Asosiasi: Perlu Pengetatan Impor Barang Jadi Plastik untuk Proteksi Industri Hilir

admin

admin


Asosiasi Industri Plastik Hilir Indonesia (Aphindo) menilai perlunya pengetatan impor produk barang jadi plastik dari negara lain untuk memproteksi industri hilir plastik dalam negeri. Dengan demikian, sektor ini bisa memberikan kontribusi yang lebih besar bagi pemajuan ekonomi Indonesia. Sekretaris Jenderal Aphindo Henry Chevalier mengatakan, masifnya barang jadi plastik tersebut secara langsung mengganggu kinerja industri hilir plastik domestik.
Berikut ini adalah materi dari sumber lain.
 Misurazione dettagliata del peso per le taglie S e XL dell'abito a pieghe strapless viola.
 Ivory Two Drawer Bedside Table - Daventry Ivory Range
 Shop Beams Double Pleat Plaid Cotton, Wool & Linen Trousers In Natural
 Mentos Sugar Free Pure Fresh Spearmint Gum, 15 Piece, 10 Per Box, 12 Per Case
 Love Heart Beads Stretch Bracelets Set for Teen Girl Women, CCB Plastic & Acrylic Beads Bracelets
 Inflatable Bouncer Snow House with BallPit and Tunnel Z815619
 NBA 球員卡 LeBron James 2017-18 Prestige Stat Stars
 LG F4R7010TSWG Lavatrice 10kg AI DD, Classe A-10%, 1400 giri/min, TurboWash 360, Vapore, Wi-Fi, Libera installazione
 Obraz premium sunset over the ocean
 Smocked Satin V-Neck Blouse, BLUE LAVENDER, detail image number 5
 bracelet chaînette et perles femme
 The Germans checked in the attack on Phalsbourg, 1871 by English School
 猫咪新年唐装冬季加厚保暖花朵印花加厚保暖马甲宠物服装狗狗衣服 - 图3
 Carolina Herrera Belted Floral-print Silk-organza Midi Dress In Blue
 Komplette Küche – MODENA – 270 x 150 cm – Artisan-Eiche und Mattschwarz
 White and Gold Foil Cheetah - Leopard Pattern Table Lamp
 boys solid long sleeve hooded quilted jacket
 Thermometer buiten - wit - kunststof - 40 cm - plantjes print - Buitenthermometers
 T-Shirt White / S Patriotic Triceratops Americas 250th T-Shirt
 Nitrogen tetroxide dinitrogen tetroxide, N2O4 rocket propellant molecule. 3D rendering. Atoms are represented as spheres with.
Hal itu dikarenakan produk impor lebih diminati karena memiliki harga yang lebih murah.

“Karena produk-produk yang impor itu, barang-barang jadi yang masuk ke Indonesia jauh lebih murah dibandingkan dengan produk dalam negeri,” ujarnya dalam siaran pers, Selasa (16/7/2024). Henry mencontohkan, salah satu negara pemasok barang impor yang lebih murah ke Indonesia yaitu China. Disampaikannya, alasan barang yang dijual oleh negara tersebut lebih murah dikarenakan upah pekerja di sana bisa lebih rendah, serta tingginya ketersediaan bahan baku.

“Kenapa kita lebih mahal? Karena impor bahan bakunya, kemudian biaya listrik, upah buruh, kemudian biaya birokrasi seperti perizinan, cukai, pajak,” ujarnya. Oleh karena itu dirinya mendorong supaya pemerintah menerapkan pengetatan impor khususnya untuk barang jadi plastik di setiap regulasi yang diterapkan, terlebih apabila produk tersebut sudah diproduksi oleh industri domestik. Hal itu agar produk yang dihasilkan di dalam negeri bisa lebih terserap oleh pasar.

“Salah satu contoh yang dikeluarkan Permendag 36/2024, saya kira itu salah satu tools yang dilakukan oleh pemerintah dalam rangka proteksi industri dalam negeri. Tapi tidak cukup hanya sebatas lartas (larangan dan pembatasan), tapi harus diatur tata impornya,” ungkapnya.

Lebih lanjut, Henry mengatakan, selain menerapkan pengetatan impor di setiap regulasi yang diterapkan, pemerintah dalam hal ini Bea Cukai mesti menindak dengan tegas dan menolak barang plastik impor yang tidak sesuai dengan Standar Nasional Indonesia (SNI). “Misalnya spesifikasi yang masuk dari barang-barang impor jadi plastik itu tidak sesuai dengan spesifikasi SNI yang ada di Indonesia, nah itu tentunya peran dari Bea Cukai harus menolak itu, dan Bea Cukai harus paham SNI itu apa aja,” katanya. Sementara itu, Sekretaris Jenderal Industri Olefin, Aromatik, dan Plasik Indonesia (Inaplas) Fajar Budiono mengungkapkan, pihaknya mencatat sudah ada penurunan utilisasi di industri plastik hilir hingga di bawah 50 persen. Dengan demikian, menurut dia, apabila masifnya barang impor di pasar domestik dibiarkan, bisa berdampak kepada industri hulu, yakni petrokimia.

“Itu sudah mulai terasa juga di beberapa pabrik hulu, ada yang sudah mematikan/shut down mesinnya, mereka wait and see,” kata dia. Pihaknya sepakat dengan Aphindo, yakni meminta pemerintah melakukan pengetatan impor khususnya untuk barang jadi plastik di regulasi apapun, mengingat kebijakan yang kontraktif berpotensi melemahkan iklim investasi di Tanah Air yang berujung pada menurunnya kontribusi industri hulu. Ia menjelaskan dampak positif industri petrokimia berdasarkan studi kasus investasi Naptha Cracker Terintegrasi bisa memberikan output langsung pada kontribusi perekonomian sebesar Rp 41,04 triliun, menyerap tenaga kerja hingga 3,22 juta orang, peredaran upah hingga Rp 8,56 triliun, serta manfaat fiskal berupa pajak pertambahan nilai (PPN) sebesar Rp 2,67 triliun.